11. Turn every relationship issue into your growth. It’s about your timing, your manner of talking, your way of holding what is said, your defensiveness, your need to control, your lack of enjoyable pursuits, your panicky reactions, your anxiety, your fear of…
12. For a solution trick, try doing something that is 180 degrees different from what you have tried. It’s often the direction that’s needed.
13. Learn to get your sense of self from yourself. This is called self validation and is the cornerstone of growing. Look to yourself to make you feel good about yourself. Your partner can only support that. He or she cannot create it. You need to create your own well being and high self esteem. Often this comes with action.
14. Don’t share all your dissatisfactions. Pick only the important ones to deal with in a constructive way. Stay in charge of yourself. Remember that you need five good interactions to every negative one. Confrontations are negative. Use them sparingly.

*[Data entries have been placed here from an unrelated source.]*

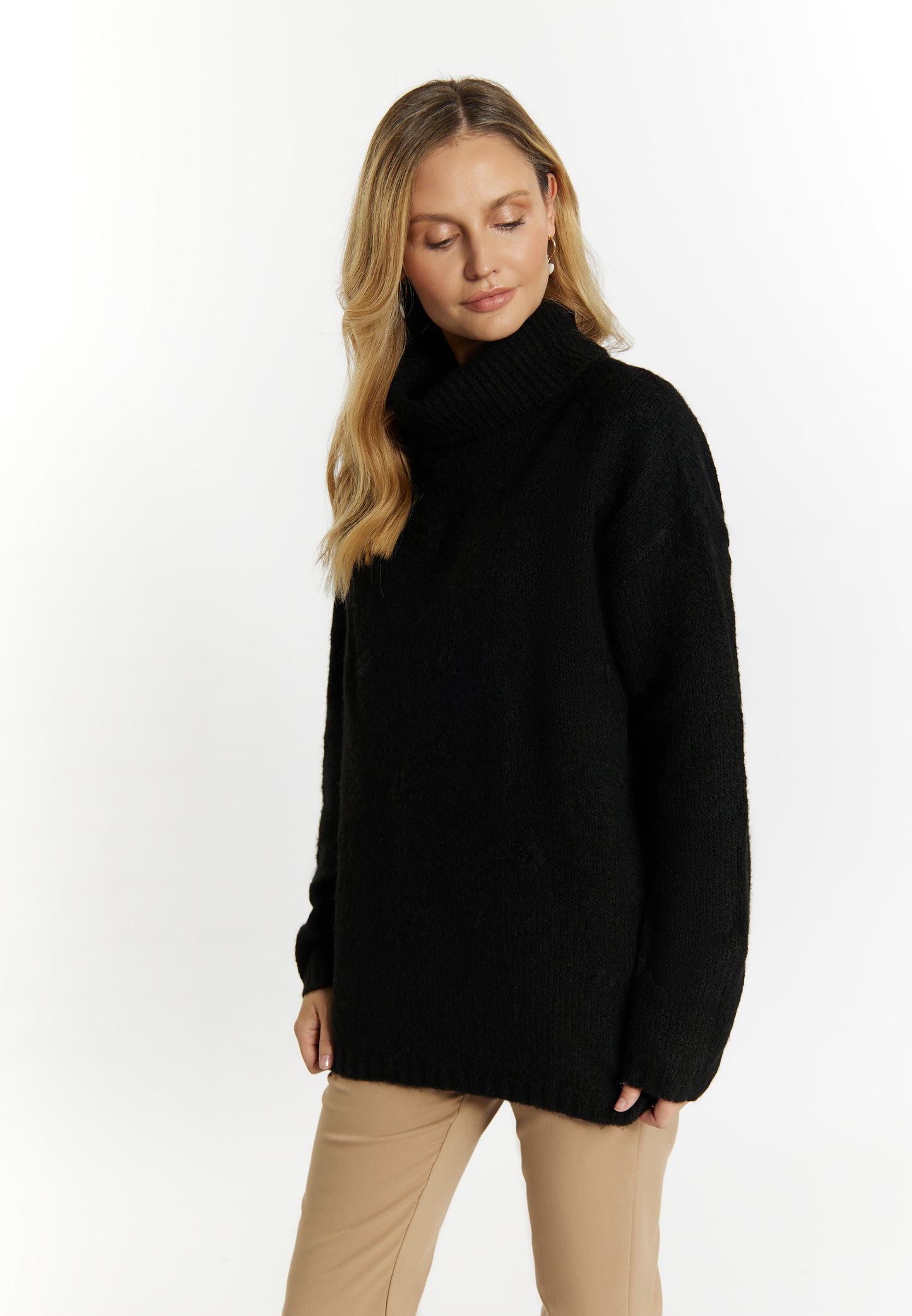usha women's turtleneck sweater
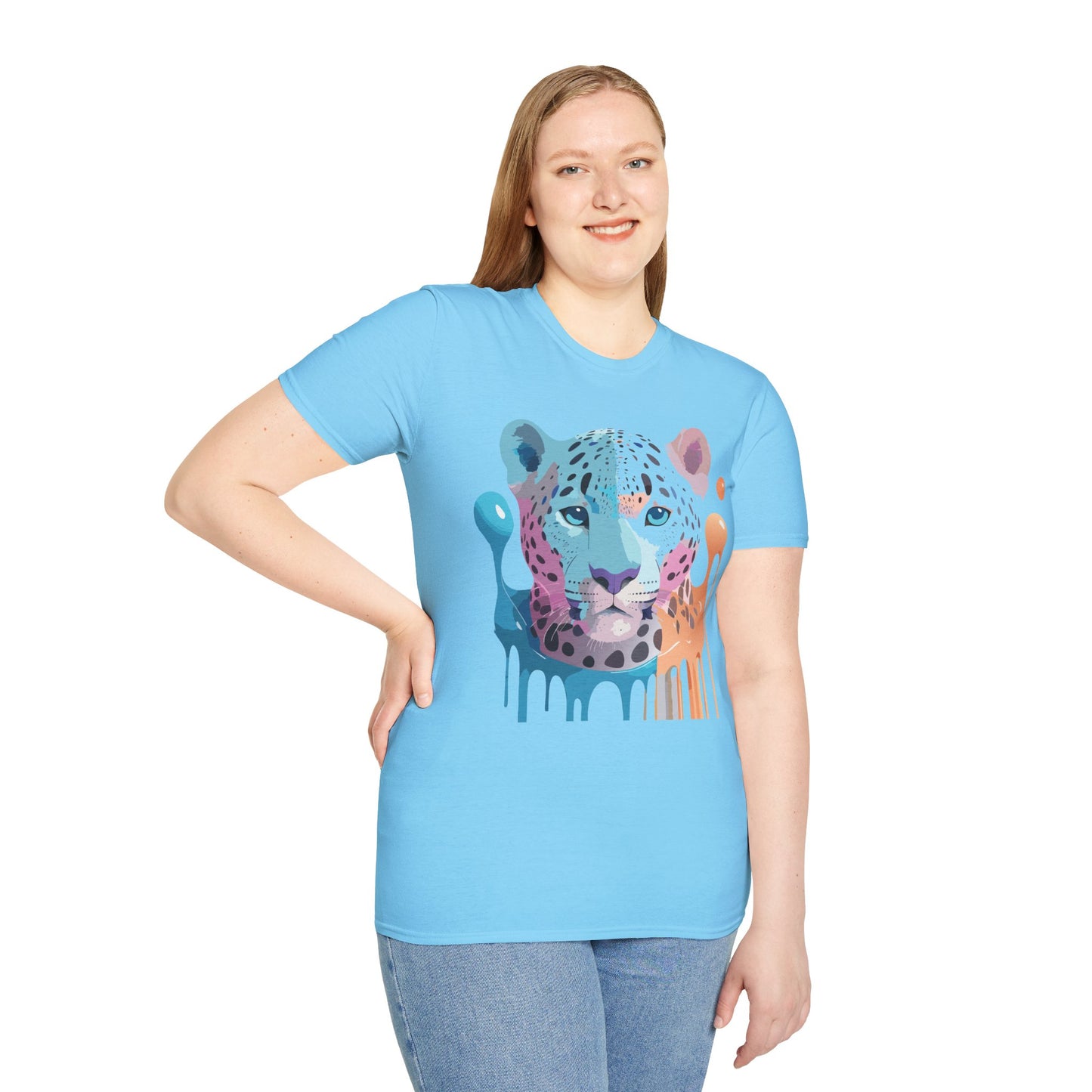 Cheetah Shirt, Shirt with Cheetah, Cheetah Tee, Shirt with Animals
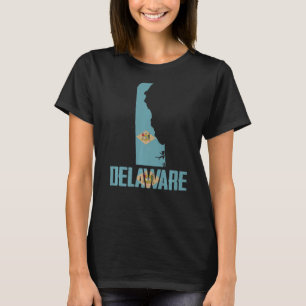 Delaware Flag State I Love Delaware Home State T-Shirt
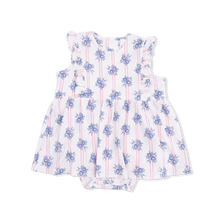 Load image into Gallery viewer, Stripe Dot Roses - Ruffle Bodysuit Dress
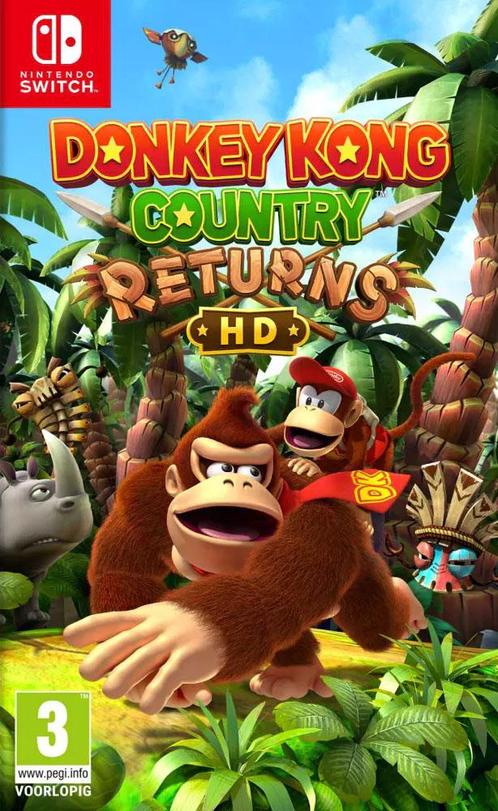 Donkey Kong Country Returns HD-Standaard (Switch) Gebruikt, Games en Spelcomputers, Games | Nintendo Switch, Ophalen of Verzenden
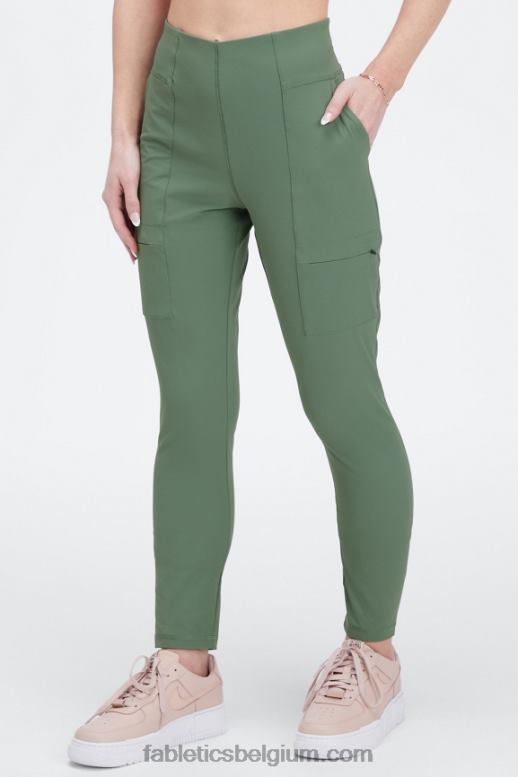 woestijn/blauwe steen vrouwen hybride cargobroek Fabletics LH20J114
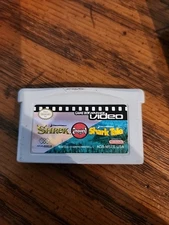 Shrek & Shark Tale 2 in 1 Nintendo Game Boy Advance Video GBA Tested & Working 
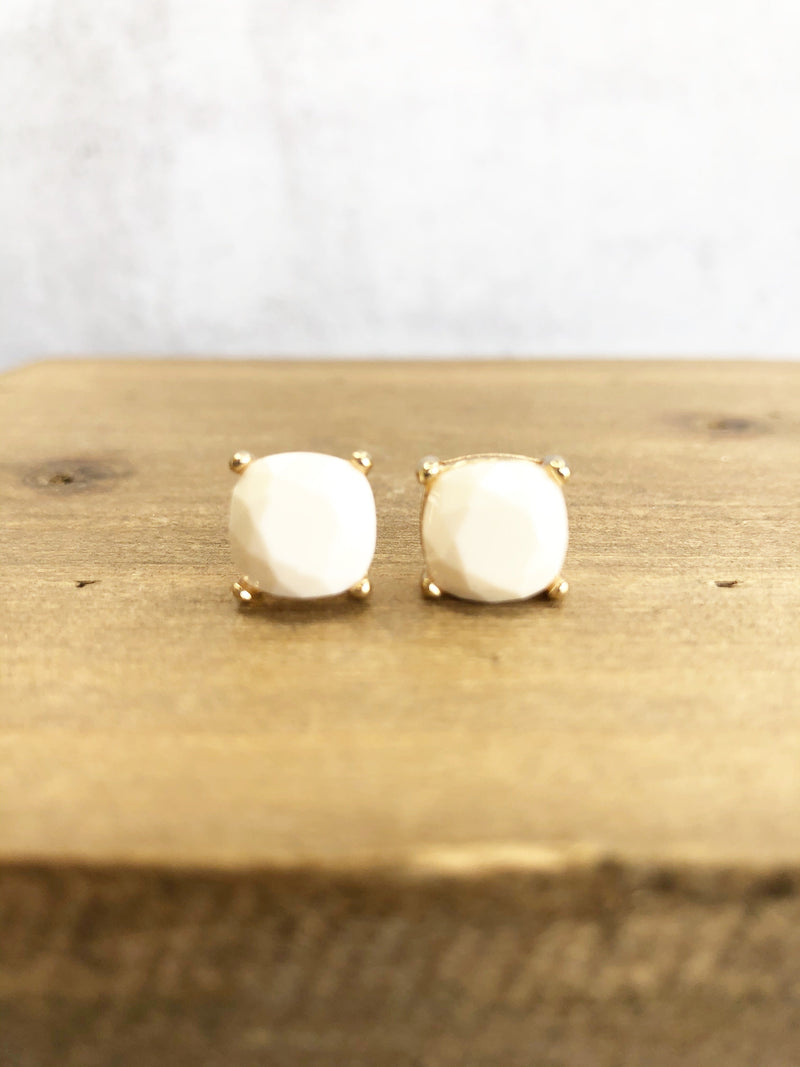 Bauble Stud Earrings-Stud Earrings-White-Lemons and Limes Boutique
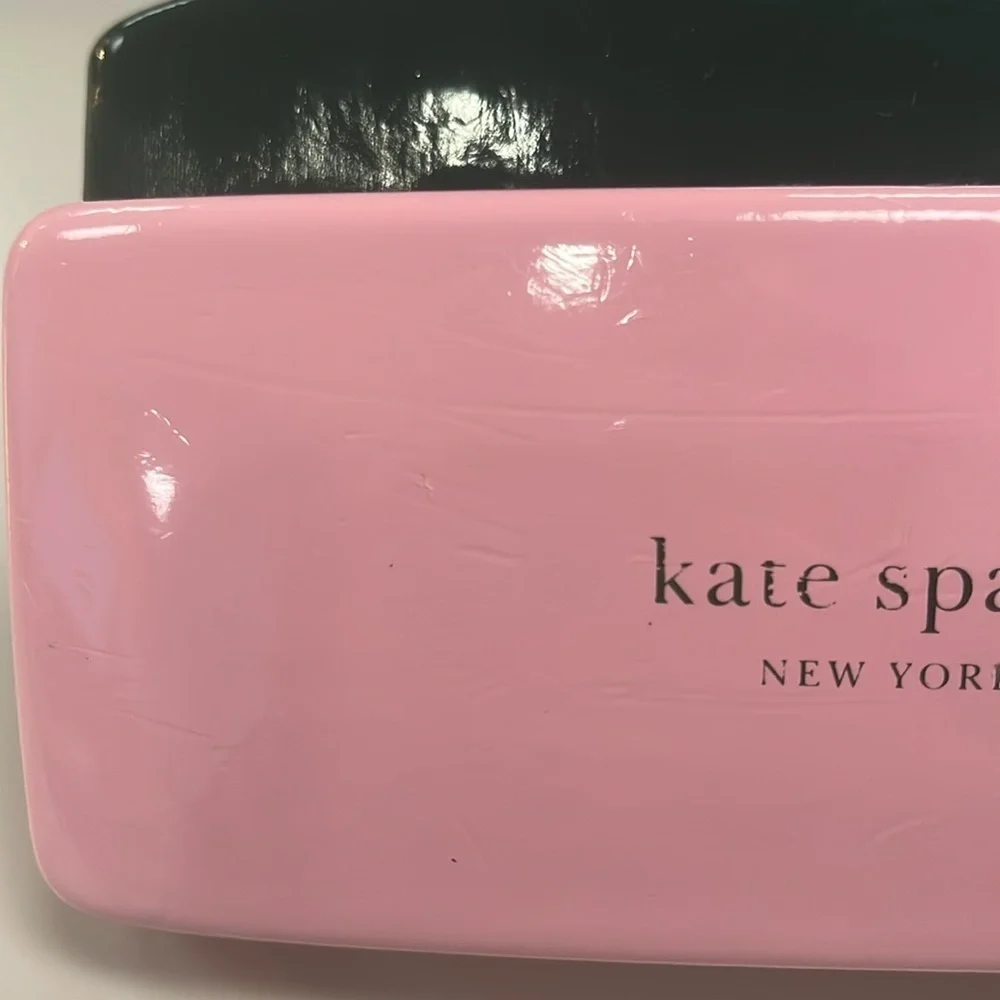 Kate Spade Green & Pink Eyeglass /Sunglass Large Case preowned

15. Don’t become your feelings. They are yours freely. You don’t need your partner’s approval for them. You don’t need to act on them until you have seen whether doing so is in your integrity.
16. Pay attention to tone and attitude. One way to help this is to notice the good things your partner is doing. This helps loosen the gridlock and brings in the positive.
17. Own your projections. What you don’t like in your partner has something to do with you. Find out what that is and confront it in you.
18. Don’t try to be “differentiated”. Try and be who you are and how you want to be. It’s a work in progress. Compassion with yourself and your partner for your journey will feel better.
19. Let your truth and the best in you come out and act. We all know our deeper truths and the best parts of ourselves. Let that part out as often as possible. You feel good about yourself even when your partner doesn’t value you or treat you well.
20. If you can’t regulate your emotions, curb your behavior. Act the best you can.
21. Don’t keep focusing on the downside. Don’t “awfulize” things. Things are as they are. What is, is. Accept the reality and look for the changes you can make to improve your life.
22. Take constructive time outs when your time together has become abusive or intolerable to your sense of respect. Promise to come back and finish. Don’t allow yourself to be in negative, reactive, abusive arguments, and don’t allow yourself to wallow in self pity by stonewalling and avoiding. Agree on how to take time outs so you both feel mature and caring.
23. When self soothing in a time out, try and enjoy your own space. A measure of how well you are differentiating in this manner, is how little you think of your partner’s bad treatment of you rather than enjoying the walk, the reading, the making of your own plans, your hobby.
24. Self soothing does not mean fleeing into substances to dull your feelings and ability to act.
25. Keep trying to move to higher ability levels of holding onto yourself while staying in loving contact with your partner. Even if you are not being how she or he wants you to be, care about her or his feelings and concerns, not by losing yourself, but by having empathy.
26. Above all, think about actions more than talking out feelings. Actions change things while talking and processing often are a way to blame others or avoid taking charge of yourself.
27. Learn to “talk as friends” to each other. One person talks about his/her own life while the other listens. Each takes a four or five minute turn with no responses other than empathy if desired. Blaming or “fixing” the other is out of bounds.